In 1995, Corbeil changed its company emblem, shifting from a vertical EMC to a large smiley face on the roofline of the bus, with the design becoming one of the most widely recognized manufacturer emblems in the transportation industry. With the addition of the "smiley face", the EMC 1st Premier was renamed the Corbeil Conventional.

In 2000, Corbeil produced a rear-engine transit-style bus using an International 3000 chassis. Similar in configuration to the AmTran RE, very few examples of the Corbeil Rear Engine were produced; all were sold in Canada.

In 2001, Les Enterprises Michel Corbeil underwent several major changes. Following poor sales, the Corbeil Rear Engine was withdrawn, alongside the EMC3900 front-engine bus. The body of Corbeil minibuses and conventionals underwent several revisions, largely distinguished by the warning light surrounds.

During the early 2000s, Les Enterprises Michel Corbeil struggled to compete. In 1999, Carpenter shifted exclusively towards production of full-size buses, effectively ending its joint distribution agreement with Corbeil (before closing its operations forever in 2001).
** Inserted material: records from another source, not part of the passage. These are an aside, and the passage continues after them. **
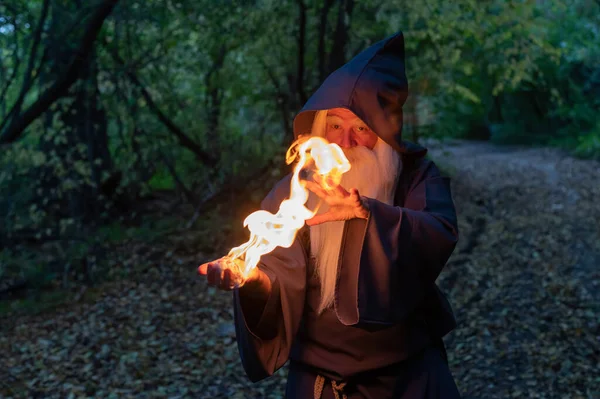 Un anciano brujo canoso lanza un hechizo de fuego en el bosque. Hombre en traje de mago — Foto de Stock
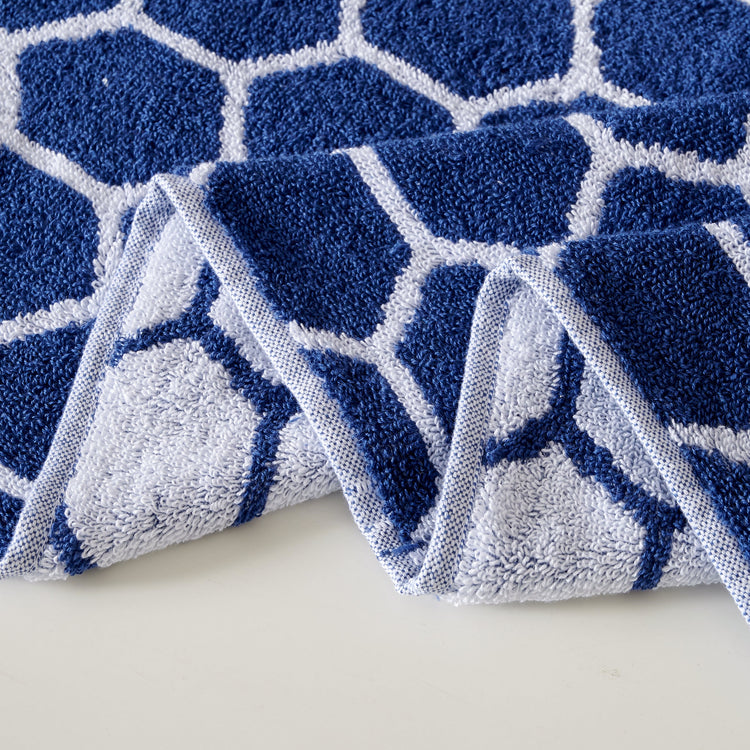Blue and white geometric patterned rug on a light background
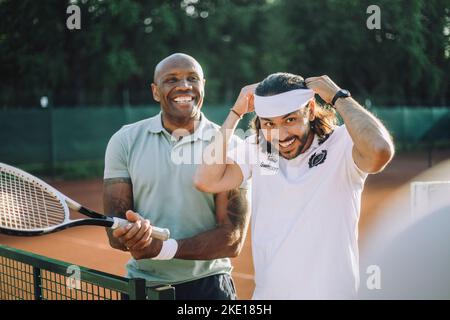 Glücklicher Mann mit Tennisschläger und einem Freund, der das Stirnband auf dem Sportplatz justiert Stockfoto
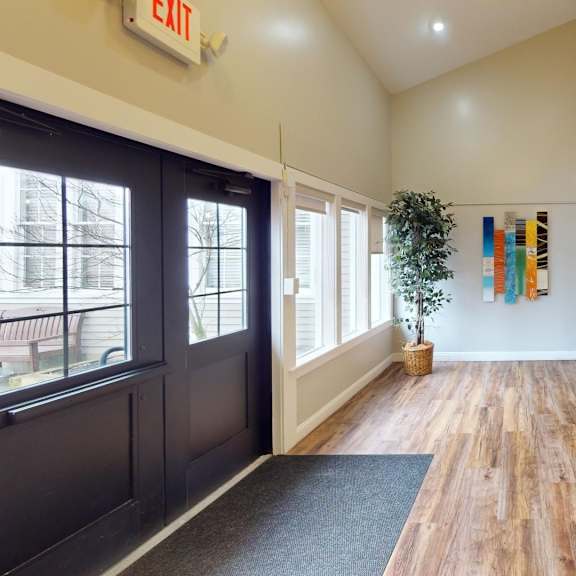 a hallway with a black door and a grey carpet.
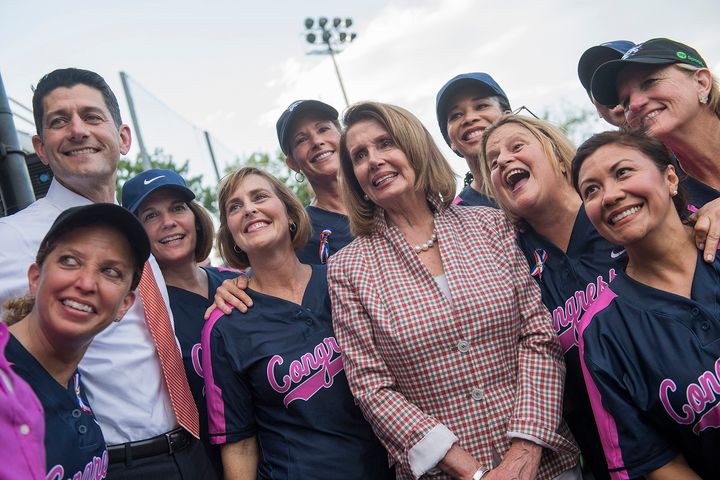  Speaker of the House Paul Ryan, R-Wis., and House Minority Leader Nancy Pelosi, D-Calif., pose with the members team before the Congressional Women’s Softball game.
In the mid-2000s, IC Corporation (the successor to AmTran/Ward) commenced sales of full-size buses in Canada, largely taking the place of the discontinued Corbeil Conventional and EMC3900.

In September 2007, after 22 years of assembly, Corbeil shut down its operations.

2007-2016: Corbeil Bus Corporation 
In late 2007, Les Enterprises Michel Corbeil was acquired by Collins Bus Corporation, with Collins purchasing the assets, designs, naming rights and warranties of Corbeil. In a major change, Corbeil transitioned from a stand-alone manufacturer to a regional product line of Collins Bus Corporation, consolidating headquarters from Quebec to the Hutchinson, Kansas facility of Collins. The parent company of Mid Bus, in 2007, Collins consolidated production of all three bus product ranges in its Kansas facility, with the first American-produced Corbeils assembled before 2008. As the company restarted bus production, Corbeil offered the Collins Bantam product line under the Corbeil Quantum nomenclature.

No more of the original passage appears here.